▸ **RECORDS SHOWN**:
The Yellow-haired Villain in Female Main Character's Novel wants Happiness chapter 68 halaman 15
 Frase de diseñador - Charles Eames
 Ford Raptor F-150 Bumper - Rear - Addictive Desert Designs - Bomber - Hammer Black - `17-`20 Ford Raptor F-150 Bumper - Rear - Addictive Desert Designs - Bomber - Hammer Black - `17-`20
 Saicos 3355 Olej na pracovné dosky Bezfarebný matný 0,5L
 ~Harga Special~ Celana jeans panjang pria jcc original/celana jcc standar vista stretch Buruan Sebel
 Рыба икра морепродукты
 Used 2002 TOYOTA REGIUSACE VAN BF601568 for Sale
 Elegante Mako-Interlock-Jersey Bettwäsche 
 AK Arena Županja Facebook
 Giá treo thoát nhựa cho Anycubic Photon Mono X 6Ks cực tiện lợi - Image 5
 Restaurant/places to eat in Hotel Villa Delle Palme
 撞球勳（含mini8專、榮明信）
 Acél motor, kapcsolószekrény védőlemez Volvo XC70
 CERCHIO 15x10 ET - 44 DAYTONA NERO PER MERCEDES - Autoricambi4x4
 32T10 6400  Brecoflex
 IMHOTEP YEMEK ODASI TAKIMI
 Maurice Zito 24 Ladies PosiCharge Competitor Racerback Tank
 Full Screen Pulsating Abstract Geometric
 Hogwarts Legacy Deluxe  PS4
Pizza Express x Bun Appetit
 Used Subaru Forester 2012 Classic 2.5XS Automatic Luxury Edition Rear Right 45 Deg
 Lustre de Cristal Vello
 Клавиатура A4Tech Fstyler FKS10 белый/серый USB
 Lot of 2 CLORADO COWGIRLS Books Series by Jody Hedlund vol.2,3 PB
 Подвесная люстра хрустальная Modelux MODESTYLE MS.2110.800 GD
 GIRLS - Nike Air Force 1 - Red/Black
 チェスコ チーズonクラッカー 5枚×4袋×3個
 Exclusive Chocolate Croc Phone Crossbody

▸ **WHAT TO DO**: Every line from the one that holds "Подвесная люстра хрустальная" to the end of the data above should be given again exactly, with that line and the last one both kept.

▸ **REPLY TO THE EXERCISE**:
 Подвесная люстра хрустальная Modelux MODESTYLE MS.2110.800 GD
 GIRLS - Nike Air Force 1 - Red/Black
 チェスコ チーズonクラッカー 5枚×4袋×3個
 Exclusive Chocolate Croc Phone Crossbody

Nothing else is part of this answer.